[SPARK-22839] [K8s] Refactor to unify driver and executor pod builder APIs #20910

mccheah · 2018-03-26T23:06:19Z

What changes were proposed in this pull request?

Breaks down the construction of driver pods and executor pods in a way that uses a common abstraction for both spark-submit creating the driver and KubernetesClusterSchedulerBackend creating the executor. Encourages more code reuse and is more legible than the older approach.

The high-level design is discussed in more detail on the JIRA ticket. This pull request is the implementation of that design with some minor changes in the implementation details.

No user-facing behavior should break as a result of this change.

How was this patch tested?

Migrated all unit tests from the old submission steps architecture to the new architecture. Integration tests should not have to change and pass given that this shouldn't change any outward behavior.

It's now subsumed by the basicdriverfeaturestep.

mccheah · 2018-03-26T23:15:56Z

For all reviewers - this change is very large. Github's interpretation of the diff also doesn't present the changes in the most easily consumed manner.

To account for this, the pull request is best reviewed and understood commit by commit. Each commit roughly translates one component from the old architecture to the new architecture. The changes are incrementally built as follows:

We begin by presenting the base building blocks.
Migrate basic driver configurations.
Migrate mounting Kubernetes credentials in the driver.
Migrate creation of the driver service.
Remove dependency resolution as it is subsumed by BasicDriverFeatureStep.
Migrate mounting user-provided driver secrets.
Wire steps 2-6 above to build the entire driver spec, composing the incremental steps accordingly. Removes all of the remaining old driver-construction code that wasn't removed in steps 2-6.
Move all of the executor construction to use the new architecture as well.
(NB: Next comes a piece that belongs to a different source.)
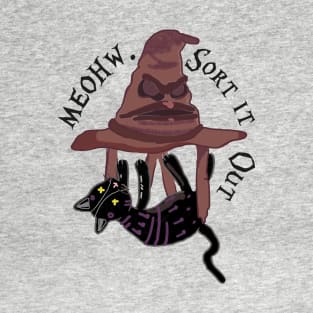 Cat'n Hat Funny Halloween Witchcraft T-Shirt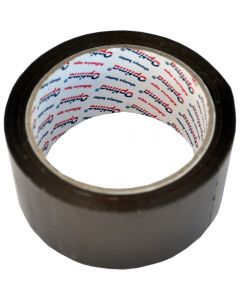 Banda adeziva 72mm x 66 y, 38 microni, Optima - maro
We can alternatively create multiple pull requests to merge this change incrementally, but each intermediate pull request would likely be broken in the K8s functionality. To ensure that master is never in a broken unusable state for K8s, we unfortunately need to merge the entire change at once.

mccheah · 2018-03-26T23:17:41Z

Requesting review from @vanzin , @foxish, @ifilonenko, @liyinan926, @Eje. Any other feedback is welcome!

SparkQA · 2018-03-26T23:21:46Z

Kubernetes integration test starting
URL: https://amplab.cs.berkeley.edu/jenkins/job/testing-k8s-prb-spark-integration/1745/

SparkQA · 2018-03-26T23:24:17Z

Test build #88607 has finished for PR 20910 at commit 67e9ca1.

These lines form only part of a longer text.